Writing & the Editor

The editor is where you actually write. It’s a clean, rich-text page for your prose, and most of what it does is quiet by design: it saves your work for you, keeps your scenes organized, and lets you link characters and places without breaking your flow.

Just start typing. The editor is a full rich-text page — you can bold, italicize, set headings, and align text from the toolbar — but it’s meant to stay out of the way while you draft.

You never have to press save. Wonderthrough saves automatically a couple of seconds after you stop typing, and a small status note in the scene’s detail bar tells you where things stand: Saved, Saving…, or Unsaved changes. Your work is also flushed to disk when you switch scenes or leave the page, so nothing pending is ever lost in the handoff.

Your manuscript is built out of scenes. You create a new scene from the book or folder you want it to live in, give it a title, and start writing. Scenes can sit inside folders, which is how you shape chapters, parts, or any grouping that fits your book.

Each scene carries a status that tells Wonderthrough how finished it is. You set it from the status control in the scene’s detail bar:

  • Draft — the default for a new scene. It’s structurally real and part of your book, but still in progress.
  • Active — the scene is ready, and its full prose participates in the deeper AI analysis tools when you choose to run them. Moving a scene to Active is always your call, never automatic.
  • Archived — set aside. Archived scenes stay in your project but are kept out of analysis. You can restore an archived scene back to draft whenever you want.

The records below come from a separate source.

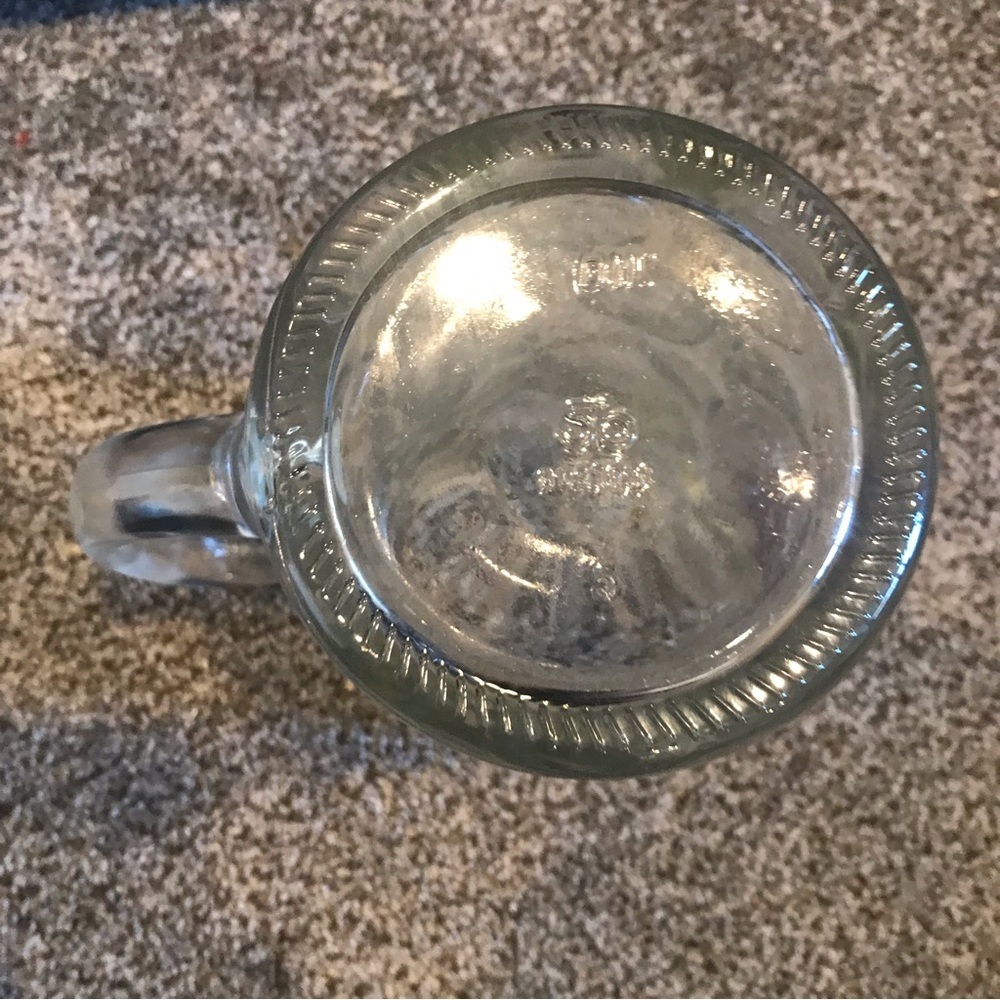 Lowenbrau 1 Litre large dimpled beer stein - Picture 9 of 9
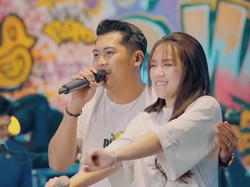 Lirik Lagu Sia-sia Mengharap Cintamu Happy Asmara feat Delva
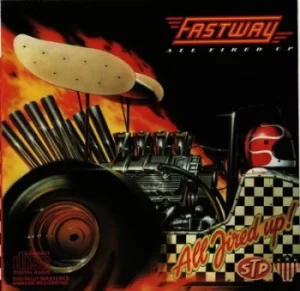Image of All Fired Up by Fastway CD Album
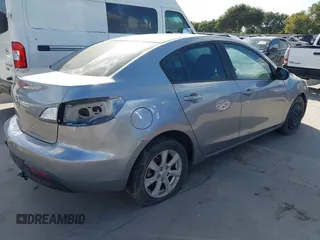 2010 Mazda 3 i SV with VIN JM1BL1SF4A1148543, listed as a IAAI auction lot 40110323 with 131,801 mi miles and . Bid and sale history available at DreamBid. Image 4.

Status is about readiness, not deletion. Nothing is thrown away when you change it.

Sending a scene to trash and getting it back

Section titled “Sending a scene to trash and getting it back”

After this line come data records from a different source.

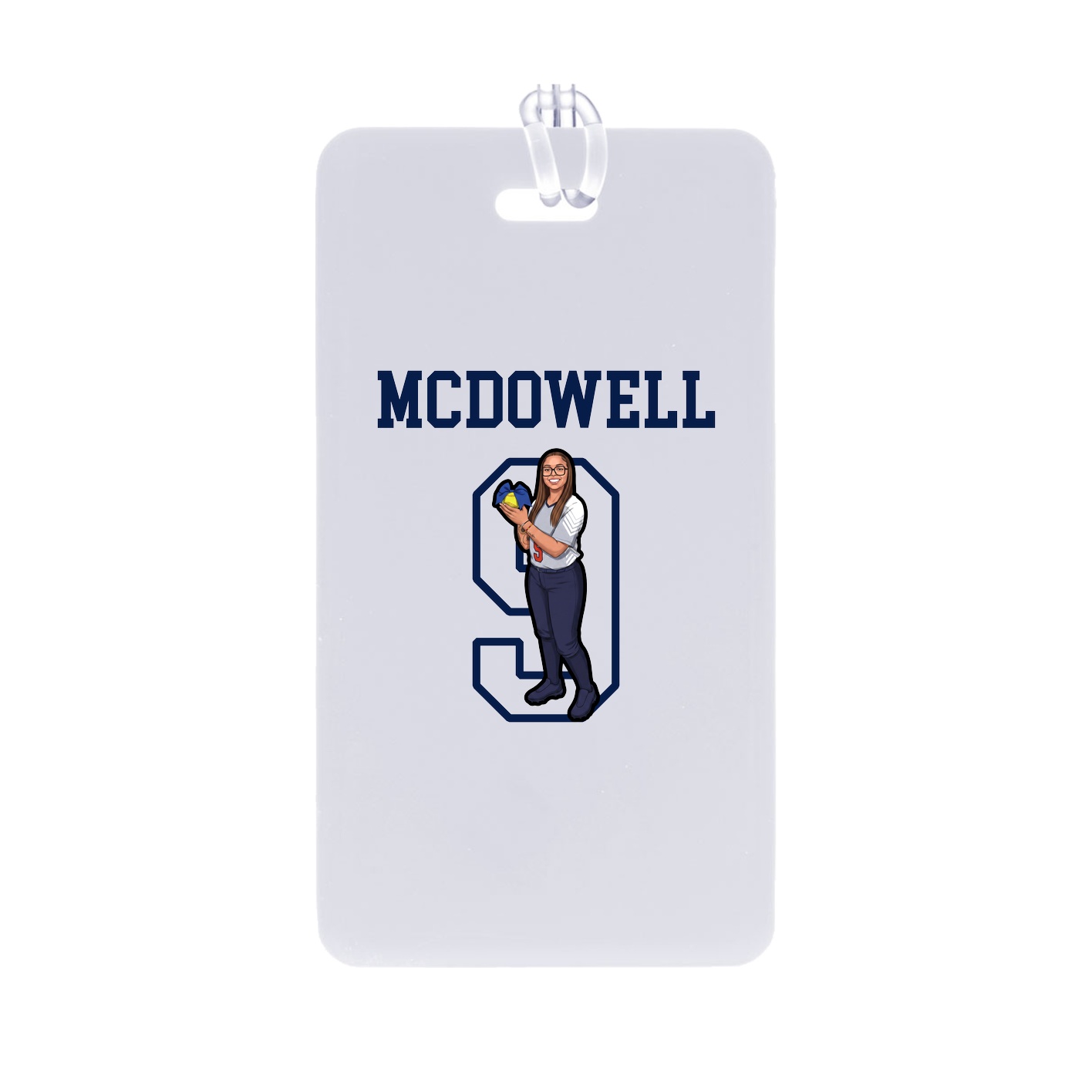 Bag Tag — Shirsey in Classic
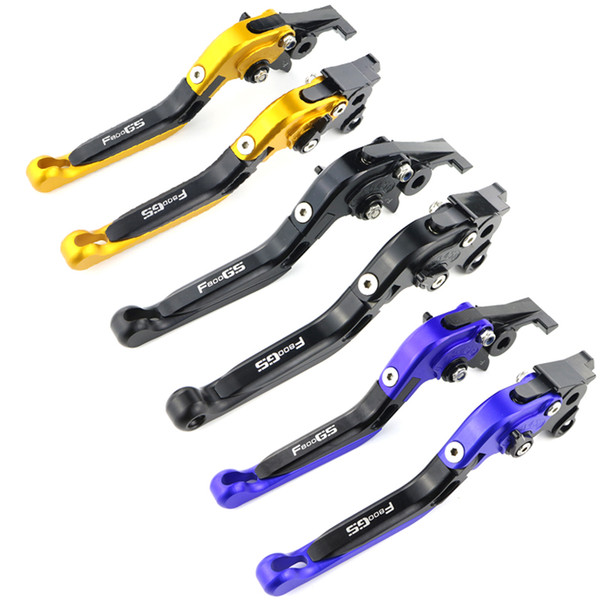 For F800GS 2008 2009 2010 2011 2012 2013 2014 CNC Brake Clutch Lever Foldable Extendable Adjustable Motorcycle Aluminum
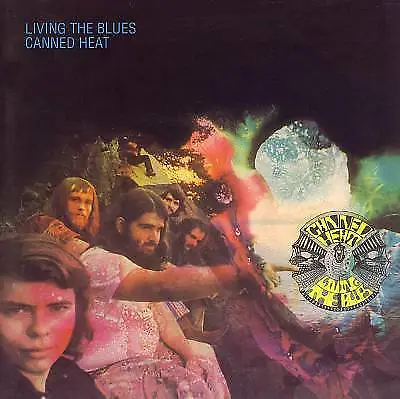 Canned Heat : Living The Blues CD 2 Discs (2013) ***NEW*** Fast And FREE P & P • £13.71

If you want a scene out of your manuscript entirely, send it to the trash. Trashed scenes aren’t gone — they wait in the trash so you can restore them if you change your mind. When you’re sure, you can permanently delete a trashed scene to clear it for good.

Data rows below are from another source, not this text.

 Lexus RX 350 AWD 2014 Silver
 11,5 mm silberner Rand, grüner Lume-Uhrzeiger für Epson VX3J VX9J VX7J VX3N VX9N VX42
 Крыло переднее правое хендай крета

You don’t have to read scene by scene. Wonderthrough gives you two collated views that stitch your scenes together into one continuous, editable page:

  • Manuscript View shows the entire book in order, with every folder and scene flowing top to bottom and clear breaks between scenes. The header shows your running totals, like scene count and word count.
  • Folder View does the same for a single folder — useful for reading a chapter or part as one piece.

Both views are fully editable, not just read-only. As your cursor moves from one scene into the next, the detail bar follows along and reflects whichever scene you’re currently in. You can also use Find (Cmd+F / Ctrl+F) to search across everything in view at once.

Linking characters and places as you write

Section titled “Linking characters and places as you write”

When you mention a character or location in your prose, Wonderthrough can connect that mention to the entity it belongs to. Linked names get a subtle tint and underline — amber for characters, a cooler tone for locations — and hovering one shows a small card with the entity’s name and type.

There are two easy ways to link:

  • Type @ to pull up a quick list of your characters, locations, and other entities, then pick the one you mean. The name drops into your prose as plain text — no clutter, no widgets.
  • Just keep writing. As you type a name that matches an entity, Wonderthrough can recognize it and link it for you. You can make any of these links permanent from the right-click menu, or remove a link you don’t want.

Either way, the words on the page stay your words. Linking only adds a connection underneath — it never changes your prose.